Dr Costa says her concern, however, is that, once the REF comes around again, publications will still be the main measure of research quality, rather than digital forms of publishing. “I fear that the innovative approaches digital scholars are exploring for the creation and dissemination of knowledge will have little effect in the years to come if future exercises such as REF do not take the habitus of digital scholars seriously and see them as meaningful practices making a significant contribution to the real world.”

Meanwhile, the fictional world of Burston Central University is the setting for an anonymous storytelling blog, Wading through Treacle, where Burston’s vice-chancellor had concerns about the imminent publication of the THE pay survey.

Rather than ponder what impact the REF would have on professorial pay, he was more worried about the impact his own pay would have on perceptions of his university.

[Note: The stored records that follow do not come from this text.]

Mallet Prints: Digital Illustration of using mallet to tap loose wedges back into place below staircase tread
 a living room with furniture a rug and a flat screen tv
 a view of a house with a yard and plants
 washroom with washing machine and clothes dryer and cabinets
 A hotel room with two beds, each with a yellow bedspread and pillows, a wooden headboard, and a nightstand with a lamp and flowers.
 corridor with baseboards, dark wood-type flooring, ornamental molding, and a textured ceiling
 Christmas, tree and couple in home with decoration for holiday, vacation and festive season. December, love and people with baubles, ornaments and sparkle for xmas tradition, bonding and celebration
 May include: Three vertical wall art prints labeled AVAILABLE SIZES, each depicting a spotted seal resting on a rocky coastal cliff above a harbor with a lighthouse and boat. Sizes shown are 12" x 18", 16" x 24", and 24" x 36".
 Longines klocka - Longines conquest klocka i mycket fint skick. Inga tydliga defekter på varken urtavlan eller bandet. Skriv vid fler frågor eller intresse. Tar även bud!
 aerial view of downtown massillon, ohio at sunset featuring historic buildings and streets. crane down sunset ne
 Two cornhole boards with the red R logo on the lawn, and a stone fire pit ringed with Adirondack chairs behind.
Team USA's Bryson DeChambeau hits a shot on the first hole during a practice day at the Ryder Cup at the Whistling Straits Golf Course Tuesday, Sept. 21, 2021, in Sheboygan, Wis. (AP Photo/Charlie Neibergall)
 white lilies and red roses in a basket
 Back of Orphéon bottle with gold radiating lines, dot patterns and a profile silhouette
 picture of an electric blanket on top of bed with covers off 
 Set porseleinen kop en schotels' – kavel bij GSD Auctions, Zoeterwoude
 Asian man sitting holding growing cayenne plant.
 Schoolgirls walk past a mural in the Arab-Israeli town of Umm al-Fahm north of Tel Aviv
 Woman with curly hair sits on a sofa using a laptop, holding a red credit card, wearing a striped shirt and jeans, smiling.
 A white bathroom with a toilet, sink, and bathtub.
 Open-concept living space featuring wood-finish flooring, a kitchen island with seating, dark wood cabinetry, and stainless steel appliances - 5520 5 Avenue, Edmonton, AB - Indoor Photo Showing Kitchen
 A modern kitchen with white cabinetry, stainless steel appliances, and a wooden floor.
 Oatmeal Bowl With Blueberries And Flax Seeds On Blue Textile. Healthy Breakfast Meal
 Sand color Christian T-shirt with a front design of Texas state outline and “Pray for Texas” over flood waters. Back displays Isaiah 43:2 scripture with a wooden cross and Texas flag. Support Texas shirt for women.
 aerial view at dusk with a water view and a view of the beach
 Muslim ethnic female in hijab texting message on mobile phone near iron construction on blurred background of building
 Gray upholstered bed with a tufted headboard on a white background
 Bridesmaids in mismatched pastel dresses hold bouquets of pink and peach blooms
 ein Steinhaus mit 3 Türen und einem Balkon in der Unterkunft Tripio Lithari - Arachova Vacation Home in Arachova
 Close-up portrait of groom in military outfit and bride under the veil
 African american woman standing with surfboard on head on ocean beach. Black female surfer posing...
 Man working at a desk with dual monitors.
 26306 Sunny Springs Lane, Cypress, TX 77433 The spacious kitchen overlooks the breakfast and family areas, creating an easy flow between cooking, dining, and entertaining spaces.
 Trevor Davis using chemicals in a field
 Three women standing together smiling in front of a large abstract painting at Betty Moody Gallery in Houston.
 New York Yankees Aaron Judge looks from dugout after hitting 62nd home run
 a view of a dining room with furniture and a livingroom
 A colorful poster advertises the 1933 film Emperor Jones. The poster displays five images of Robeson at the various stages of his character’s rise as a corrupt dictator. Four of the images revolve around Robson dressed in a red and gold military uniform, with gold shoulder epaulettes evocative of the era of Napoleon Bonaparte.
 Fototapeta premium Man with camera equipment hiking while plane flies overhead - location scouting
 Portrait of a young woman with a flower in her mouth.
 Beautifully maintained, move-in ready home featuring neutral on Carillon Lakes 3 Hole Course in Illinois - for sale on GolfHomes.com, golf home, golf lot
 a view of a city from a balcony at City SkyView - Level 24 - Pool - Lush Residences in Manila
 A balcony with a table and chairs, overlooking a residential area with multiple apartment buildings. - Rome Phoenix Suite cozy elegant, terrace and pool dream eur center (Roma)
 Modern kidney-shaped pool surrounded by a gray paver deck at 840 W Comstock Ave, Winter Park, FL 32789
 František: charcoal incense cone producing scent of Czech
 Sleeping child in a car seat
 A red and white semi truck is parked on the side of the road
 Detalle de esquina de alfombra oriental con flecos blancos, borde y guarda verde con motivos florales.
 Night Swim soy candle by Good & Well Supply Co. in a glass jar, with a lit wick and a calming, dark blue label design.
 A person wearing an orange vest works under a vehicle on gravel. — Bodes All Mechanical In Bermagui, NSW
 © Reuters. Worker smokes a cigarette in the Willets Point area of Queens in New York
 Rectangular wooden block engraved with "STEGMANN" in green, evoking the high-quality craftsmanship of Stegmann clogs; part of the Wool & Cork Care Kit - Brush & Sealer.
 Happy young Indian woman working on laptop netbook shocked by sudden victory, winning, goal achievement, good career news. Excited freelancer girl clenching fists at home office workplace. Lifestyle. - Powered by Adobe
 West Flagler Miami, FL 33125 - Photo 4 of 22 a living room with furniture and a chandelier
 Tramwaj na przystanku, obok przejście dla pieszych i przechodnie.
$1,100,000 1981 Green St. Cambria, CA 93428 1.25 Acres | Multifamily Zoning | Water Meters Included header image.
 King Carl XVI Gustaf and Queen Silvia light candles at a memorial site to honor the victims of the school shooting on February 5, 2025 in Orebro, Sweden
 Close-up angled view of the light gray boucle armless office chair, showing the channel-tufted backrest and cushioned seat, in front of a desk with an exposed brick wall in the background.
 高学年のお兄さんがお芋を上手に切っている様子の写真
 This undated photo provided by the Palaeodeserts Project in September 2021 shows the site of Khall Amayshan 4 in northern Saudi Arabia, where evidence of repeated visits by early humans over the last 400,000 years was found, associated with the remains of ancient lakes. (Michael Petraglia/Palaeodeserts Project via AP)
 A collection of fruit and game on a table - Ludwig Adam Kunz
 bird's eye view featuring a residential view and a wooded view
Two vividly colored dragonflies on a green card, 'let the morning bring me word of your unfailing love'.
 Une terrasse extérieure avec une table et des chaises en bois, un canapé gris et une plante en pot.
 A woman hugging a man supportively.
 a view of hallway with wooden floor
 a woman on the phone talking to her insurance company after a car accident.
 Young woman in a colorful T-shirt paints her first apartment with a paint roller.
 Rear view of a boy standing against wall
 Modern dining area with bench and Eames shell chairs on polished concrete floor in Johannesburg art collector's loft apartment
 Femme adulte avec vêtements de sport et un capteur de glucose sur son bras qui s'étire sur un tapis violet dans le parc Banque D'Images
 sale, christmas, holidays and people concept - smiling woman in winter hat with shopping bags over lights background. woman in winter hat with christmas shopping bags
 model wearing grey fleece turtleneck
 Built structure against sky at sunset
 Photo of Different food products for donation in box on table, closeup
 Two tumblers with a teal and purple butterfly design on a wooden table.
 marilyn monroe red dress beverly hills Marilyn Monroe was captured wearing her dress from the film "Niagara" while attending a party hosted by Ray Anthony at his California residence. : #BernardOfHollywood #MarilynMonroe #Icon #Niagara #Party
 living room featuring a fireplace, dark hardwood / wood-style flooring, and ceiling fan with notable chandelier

“I’ve had an email from the Times Higher. It’s their annual VC salary humiliation this week, and they want to know why my salary is one of the five highest. I need a good answer,” says the vice-chancellor, before outlining the content of the correspondence.

“Burston Central in the bottom five of the THE ratings…doesn’t your performance actually merit being the bottom five for pay…why did you get a bonus last year…how could your 20 per cent increase in pension contributions be explained…twice the pay of the prime minister…” A beleaguered co-worker can only reassure his boss, somewhat meekly, that he is “worth every penny”.

The site makes clear that Burston Central University is entirely fictional, and that any character’s resemblance to real persons, living or dead, is purely coincidental. “This irritating bunch are far too awful to work in a real institution,” it says.